* **Exercise requirements**:
Return each line of the listing that follows in which the string "werden" can be found.

....................

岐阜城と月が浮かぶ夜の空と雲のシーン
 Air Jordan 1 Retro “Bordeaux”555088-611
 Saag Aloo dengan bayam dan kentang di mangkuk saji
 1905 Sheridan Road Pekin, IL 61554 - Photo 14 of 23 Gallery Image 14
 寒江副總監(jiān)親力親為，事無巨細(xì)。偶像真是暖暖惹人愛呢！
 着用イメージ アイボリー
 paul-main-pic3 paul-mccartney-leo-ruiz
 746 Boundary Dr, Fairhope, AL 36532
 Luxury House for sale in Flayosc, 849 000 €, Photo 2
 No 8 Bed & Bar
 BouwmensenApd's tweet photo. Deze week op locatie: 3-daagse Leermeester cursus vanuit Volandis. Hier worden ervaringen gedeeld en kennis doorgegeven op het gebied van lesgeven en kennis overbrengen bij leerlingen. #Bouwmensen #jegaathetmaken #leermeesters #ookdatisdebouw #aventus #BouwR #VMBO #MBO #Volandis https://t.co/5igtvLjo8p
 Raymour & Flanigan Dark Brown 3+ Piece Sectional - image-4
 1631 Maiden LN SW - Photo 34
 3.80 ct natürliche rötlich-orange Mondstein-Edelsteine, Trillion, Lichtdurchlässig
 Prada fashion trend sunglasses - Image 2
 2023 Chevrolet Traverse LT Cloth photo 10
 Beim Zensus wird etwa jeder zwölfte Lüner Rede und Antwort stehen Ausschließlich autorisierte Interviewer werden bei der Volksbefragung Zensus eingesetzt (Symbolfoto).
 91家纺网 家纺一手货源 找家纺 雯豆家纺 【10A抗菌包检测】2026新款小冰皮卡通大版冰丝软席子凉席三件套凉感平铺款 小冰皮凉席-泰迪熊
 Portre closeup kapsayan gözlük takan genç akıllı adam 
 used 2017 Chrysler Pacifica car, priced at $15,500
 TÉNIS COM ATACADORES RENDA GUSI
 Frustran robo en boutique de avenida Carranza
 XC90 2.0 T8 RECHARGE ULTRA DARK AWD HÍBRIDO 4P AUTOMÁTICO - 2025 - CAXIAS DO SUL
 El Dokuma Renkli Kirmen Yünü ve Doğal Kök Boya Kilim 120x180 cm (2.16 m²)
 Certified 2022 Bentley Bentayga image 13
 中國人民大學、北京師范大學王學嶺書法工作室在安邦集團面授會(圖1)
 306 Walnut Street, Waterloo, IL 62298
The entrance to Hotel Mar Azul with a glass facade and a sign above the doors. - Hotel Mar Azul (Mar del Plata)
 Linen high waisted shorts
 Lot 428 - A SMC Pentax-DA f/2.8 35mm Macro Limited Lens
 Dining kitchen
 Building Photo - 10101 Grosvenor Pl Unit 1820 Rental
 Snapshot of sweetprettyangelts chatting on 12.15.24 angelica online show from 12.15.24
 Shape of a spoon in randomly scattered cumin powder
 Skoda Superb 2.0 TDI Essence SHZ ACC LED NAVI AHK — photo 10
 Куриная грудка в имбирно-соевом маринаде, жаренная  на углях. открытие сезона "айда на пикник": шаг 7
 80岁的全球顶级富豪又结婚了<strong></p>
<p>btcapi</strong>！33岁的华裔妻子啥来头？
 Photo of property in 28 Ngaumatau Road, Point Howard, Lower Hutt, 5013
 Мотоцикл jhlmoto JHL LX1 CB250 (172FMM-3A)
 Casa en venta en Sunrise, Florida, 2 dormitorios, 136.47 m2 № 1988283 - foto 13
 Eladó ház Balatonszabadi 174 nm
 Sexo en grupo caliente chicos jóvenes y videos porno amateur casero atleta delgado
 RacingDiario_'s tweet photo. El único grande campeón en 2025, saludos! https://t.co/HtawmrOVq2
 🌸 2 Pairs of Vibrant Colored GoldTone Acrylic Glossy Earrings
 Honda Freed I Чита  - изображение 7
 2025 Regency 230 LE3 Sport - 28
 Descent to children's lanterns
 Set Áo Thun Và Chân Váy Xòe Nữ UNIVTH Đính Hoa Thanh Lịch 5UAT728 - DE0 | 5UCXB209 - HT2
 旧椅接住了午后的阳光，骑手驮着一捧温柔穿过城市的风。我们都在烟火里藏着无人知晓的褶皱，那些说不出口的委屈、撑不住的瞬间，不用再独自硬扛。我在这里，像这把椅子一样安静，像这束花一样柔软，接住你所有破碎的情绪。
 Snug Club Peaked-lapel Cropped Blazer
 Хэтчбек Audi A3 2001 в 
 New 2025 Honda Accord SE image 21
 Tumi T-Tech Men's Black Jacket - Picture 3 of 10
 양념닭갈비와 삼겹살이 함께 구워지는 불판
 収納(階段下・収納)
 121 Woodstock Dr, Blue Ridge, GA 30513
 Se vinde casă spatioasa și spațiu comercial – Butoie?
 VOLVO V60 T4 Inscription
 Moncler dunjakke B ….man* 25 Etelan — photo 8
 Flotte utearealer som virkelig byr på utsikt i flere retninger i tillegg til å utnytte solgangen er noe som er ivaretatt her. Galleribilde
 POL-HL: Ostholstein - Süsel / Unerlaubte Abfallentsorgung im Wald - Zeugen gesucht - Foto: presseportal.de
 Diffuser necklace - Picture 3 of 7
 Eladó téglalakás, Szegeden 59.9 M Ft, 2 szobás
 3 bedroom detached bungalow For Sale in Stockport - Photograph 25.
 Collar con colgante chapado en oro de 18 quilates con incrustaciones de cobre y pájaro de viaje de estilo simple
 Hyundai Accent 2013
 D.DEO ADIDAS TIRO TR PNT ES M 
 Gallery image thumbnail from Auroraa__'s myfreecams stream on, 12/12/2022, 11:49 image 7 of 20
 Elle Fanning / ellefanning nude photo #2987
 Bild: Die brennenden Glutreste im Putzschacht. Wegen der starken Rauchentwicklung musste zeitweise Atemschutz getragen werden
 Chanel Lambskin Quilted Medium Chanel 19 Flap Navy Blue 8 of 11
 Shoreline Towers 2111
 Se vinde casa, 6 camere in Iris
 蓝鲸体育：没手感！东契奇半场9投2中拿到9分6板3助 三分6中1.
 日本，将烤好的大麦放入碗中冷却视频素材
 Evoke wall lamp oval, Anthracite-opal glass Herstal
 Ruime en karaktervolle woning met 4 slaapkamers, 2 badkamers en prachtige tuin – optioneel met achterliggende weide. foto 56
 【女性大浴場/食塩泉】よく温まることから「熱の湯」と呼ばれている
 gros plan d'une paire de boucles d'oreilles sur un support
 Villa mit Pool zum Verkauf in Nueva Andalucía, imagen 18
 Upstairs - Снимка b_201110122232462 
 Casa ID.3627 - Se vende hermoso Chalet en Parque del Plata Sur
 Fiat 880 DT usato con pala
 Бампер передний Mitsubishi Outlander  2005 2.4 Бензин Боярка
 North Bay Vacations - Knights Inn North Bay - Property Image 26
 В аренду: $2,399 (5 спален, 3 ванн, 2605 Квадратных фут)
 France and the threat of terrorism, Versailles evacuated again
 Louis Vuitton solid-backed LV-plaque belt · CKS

....................

* **Response to this exercise**:
 Beim Zensus wird etwa jeder zwölfte Lüner Rede und Antwort stehen Ausschließlich autorisierte Interviewer werden bei der Volksbefragung Zensus eingesetzt (Symbolfoto).
 Bild: Die brennenden Glutreste im Putzschacht. Wegen der starken Rauchentwicklung musste zeitweise Atemschutz getragen werden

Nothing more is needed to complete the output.